Distributed Transactions in Practice
Distributed transactions, especially those implemented with two-phase commit, have a mixed reputation. On the one hand, they are seen as providing an important safety guarantee that would be hard to achieve otherwise; on the other hand, they are criticized for causing operational problems, killing performance, and promising more than they can deliver [81, 82, 83, 84]. Many cloud services choose not to implement distributed transactions due to the operational problems they engender [85, 86].
Some implementations of distributed transactions carry a heavy performance penalty —for example, distributed transactions in MySQL are reported to be over 10 times slower than single-node transactions , so it is not surprising when people advise against using them. Much of the performance cost inherent in two-phase commit is due to the additional disk forcing (fsync) that is required for crash recovery , and the additional network round-trips.
However, rather than dismissing distributed transactions outright, we should examine them in some more detail, because there are important lessons to be learned from them. To begin, we should be precise about what we mean by “distributed transactions.” Two quite different types of distributed transactions are often conflated:
Database-internal distributed transactions
Some distributed databases (i.e., databases that use replication and partitioning in their standard configuration) support internal transactions among the nodes of that database.

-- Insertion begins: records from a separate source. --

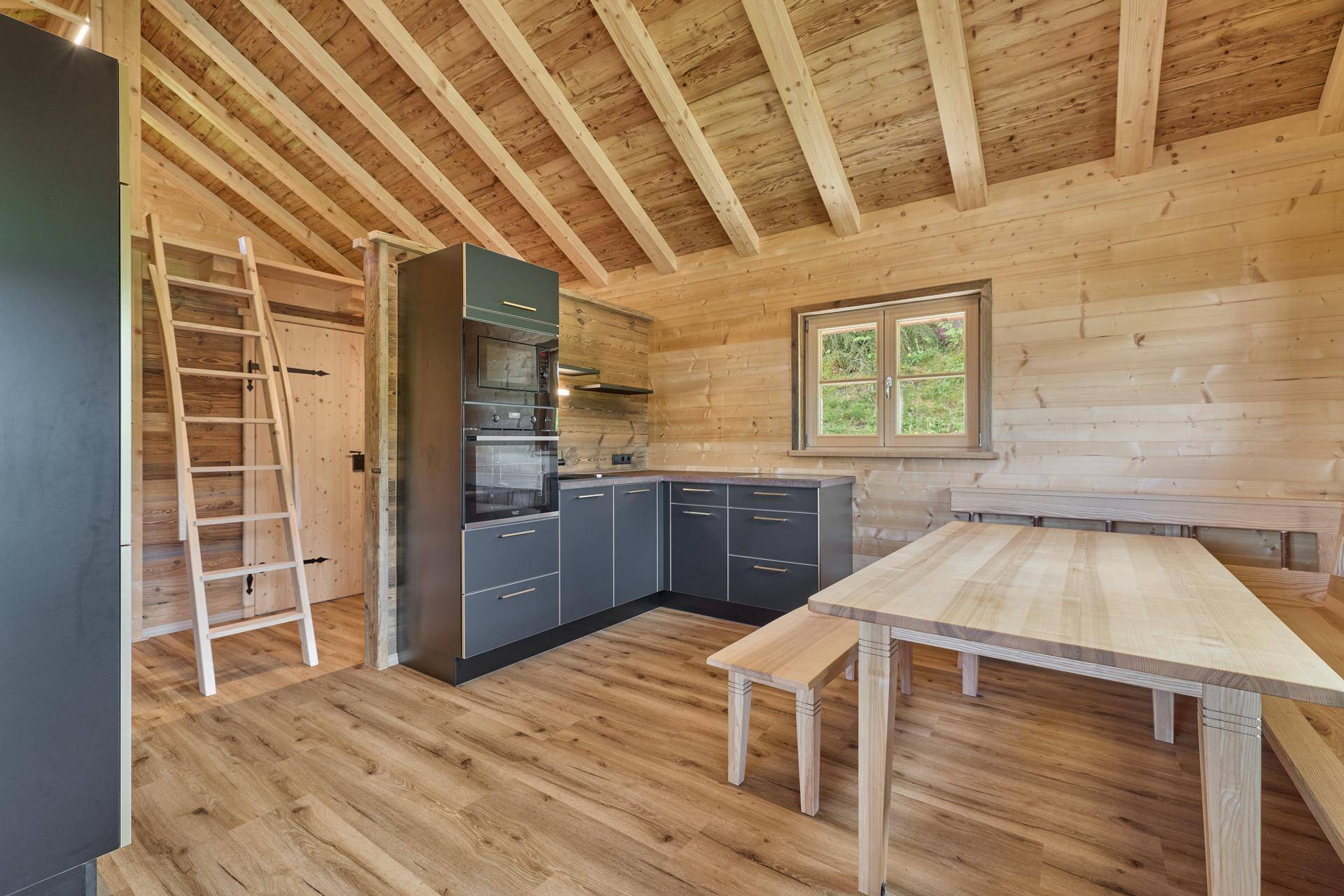 Moderne Küche in einem Holzchalet mit dunklen Schränken und Holzbalkendecke.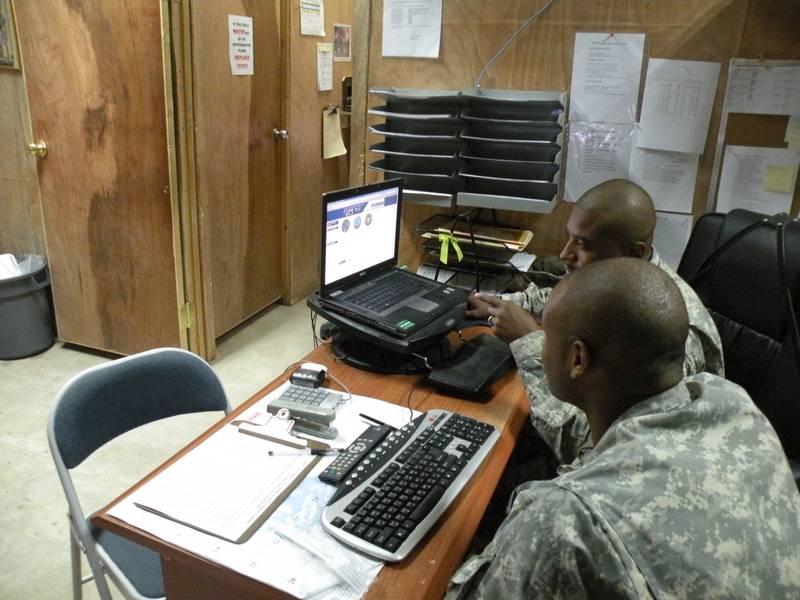 Sgt. Reginald Pearsall explains to Spc. Joshua Lewis on how his official military personal file is used to keep track of important documents such as enlistment and reenlistment contracts, awards, and military education on Oct. 3, 2008, in Baghdad, Iraq.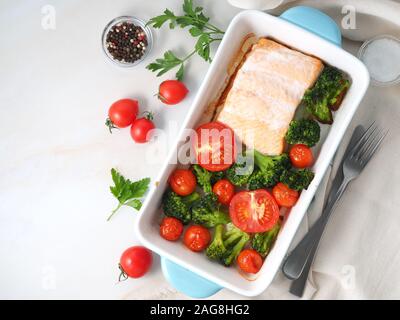 Fisch Lachs im Ofen gebacken mit Gemüse - Brokkoli, Tomaten. Gesunde Ernährung Essen, der weiße Marmor Hintergrund, Ansicht von oben. Stockfoto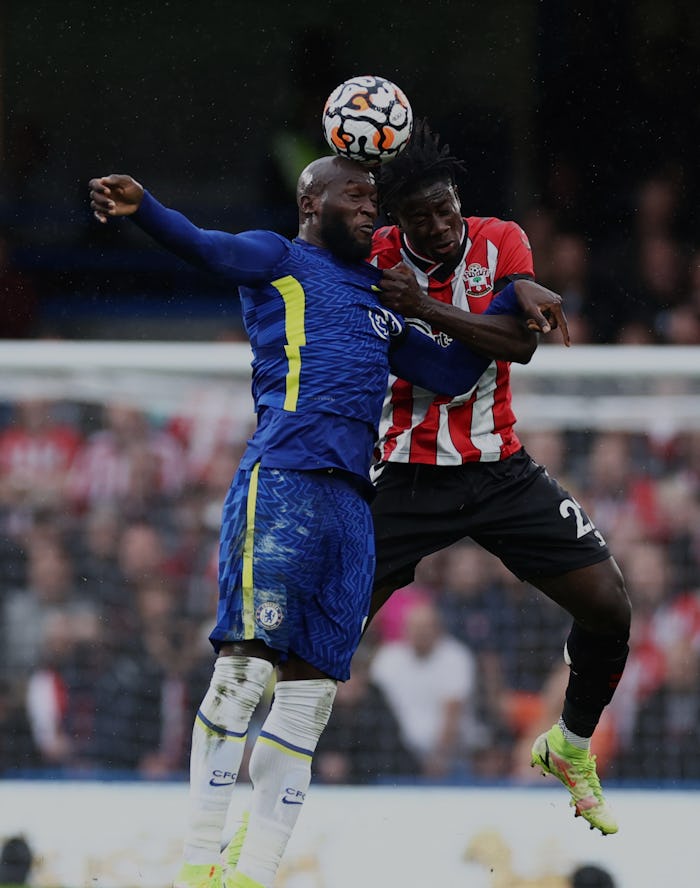 LONDON, ENGLAND - OCTOBER 02: Romelu Lukaku of Chelsea competes for a header with Mohammed Salisu of...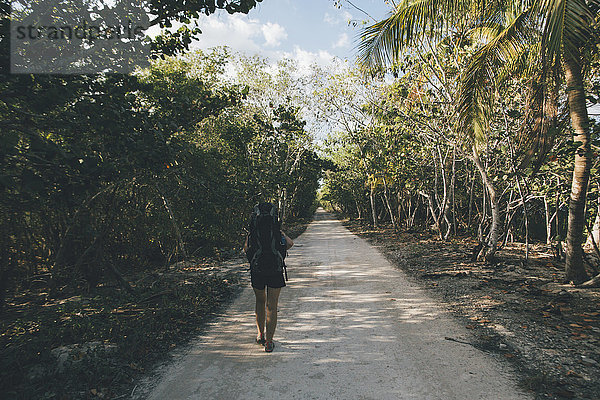 Kuba  Cienaga de Zapata  Junge Frau mit Rucksack  die auf einer von Bäumen gesäumten Straße läuft.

For example, VoltDB and MySQL Cluster’s NDB storage engine have such internal transaction support. In this case, all the nodes participating in the transaction are running the same database software.
Heterogeneous distributed transactions
In a heterogeneous transaction, the participants are two or more different technologies: for example, two databases from different vendors, or even nondatabase systems such as message brokers. A distributed transaction across these systems must ensure atomic commit, even though the systems may be entirely different under the hood.
Database-internal transactions do not have to be compatible with any other system, so they can use any protocol and apply optimizations specific to that particular technology. For that reason, database-internal distributed transactions can often work quite well. On the other hand, transactions spanning heterogeneous technologies are a lot more challenging.